Task objective – Return every line from the one with "The Still Slow & Sip" through the one with "Large terrace, 20 sq.mtrs, south exposure", inclusive, exactly as it appears below.

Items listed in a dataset
----------

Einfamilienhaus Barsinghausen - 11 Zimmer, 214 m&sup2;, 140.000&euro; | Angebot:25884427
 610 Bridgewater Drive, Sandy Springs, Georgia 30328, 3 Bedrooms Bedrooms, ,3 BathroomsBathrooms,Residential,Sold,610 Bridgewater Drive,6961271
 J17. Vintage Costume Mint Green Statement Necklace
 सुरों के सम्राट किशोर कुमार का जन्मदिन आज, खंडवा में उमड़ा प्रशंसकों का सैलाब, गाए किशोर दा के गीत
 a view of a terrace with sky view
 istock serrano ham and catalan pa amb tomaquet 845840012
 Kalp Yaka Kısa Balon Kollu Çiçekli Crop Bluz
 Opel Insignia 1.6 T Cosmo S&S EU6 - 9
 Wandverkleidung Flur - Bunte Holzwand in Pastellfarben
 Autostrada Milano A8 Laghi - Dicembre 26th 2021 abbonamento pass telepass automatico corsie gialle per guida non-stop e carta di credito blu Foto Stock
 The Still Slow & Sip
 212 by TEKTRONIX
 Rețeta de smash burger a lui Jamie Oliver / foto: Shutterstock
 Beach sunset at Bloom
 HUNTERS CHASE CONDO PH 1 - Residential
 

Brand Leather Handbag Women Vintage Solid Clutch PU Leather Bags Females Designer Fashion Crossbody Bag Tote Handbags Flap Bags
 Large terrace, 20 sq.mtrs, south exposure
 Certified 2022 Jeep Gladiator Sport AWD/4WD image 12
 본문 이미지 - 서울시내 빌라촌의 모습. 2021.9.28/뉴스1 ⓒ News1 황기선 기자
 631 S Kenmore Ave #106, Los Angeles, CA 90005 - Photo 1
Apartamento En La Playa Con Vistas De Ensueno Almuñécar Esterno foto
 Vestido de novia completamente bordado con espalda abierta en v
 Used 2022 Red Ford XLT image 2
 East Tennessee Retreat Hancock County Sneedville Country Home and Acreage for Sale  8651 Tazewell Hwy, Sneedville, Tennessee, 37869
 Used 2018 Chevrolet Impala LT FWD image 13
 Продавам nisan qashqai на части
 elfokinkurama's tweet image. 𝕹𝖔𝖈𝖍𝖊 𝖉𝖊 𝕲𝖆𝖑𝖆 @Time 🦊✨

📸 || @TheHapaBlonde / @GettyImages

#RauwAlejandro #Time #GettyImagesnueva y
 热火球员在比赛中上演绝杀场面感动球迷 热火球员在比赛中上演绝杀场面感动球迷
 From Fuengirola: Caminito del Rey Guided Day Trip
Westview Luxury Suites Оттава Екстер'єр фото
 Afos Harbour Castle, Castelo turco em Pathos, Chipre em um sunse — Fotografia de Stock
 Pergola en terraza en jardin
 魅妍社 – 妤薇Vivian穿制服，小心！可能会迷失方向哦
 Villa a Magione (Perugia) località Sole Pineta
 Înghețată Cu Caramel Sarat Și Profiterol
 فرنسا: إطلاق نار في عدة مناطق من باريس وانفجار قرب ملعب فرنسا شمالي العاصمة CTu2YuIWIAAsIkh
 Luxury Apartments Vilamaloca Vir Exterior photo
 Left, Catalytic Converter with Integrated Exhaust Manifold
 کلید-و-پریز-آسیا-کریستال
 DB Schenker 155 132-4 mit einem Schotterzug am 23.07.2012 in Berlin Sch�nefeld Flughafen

----------

Response to the exercise –
 The Still Slow & Sip
 212 by TEKTRONIX
 Rețeta de smash burger a lui Jamie Oliver / foto: Shutterstock
 Beach sunset at Bloom
 HUNTERS CHASE CONDO PH 1 - Residential
 

Brand Leather Handbag Women Vintage Solid Clutch PU Leather Bags Females Designer Fashion Crossbody Bag Tote Handbags Flap Bags
 Large terrace, 20 sq.mtrs, south exposure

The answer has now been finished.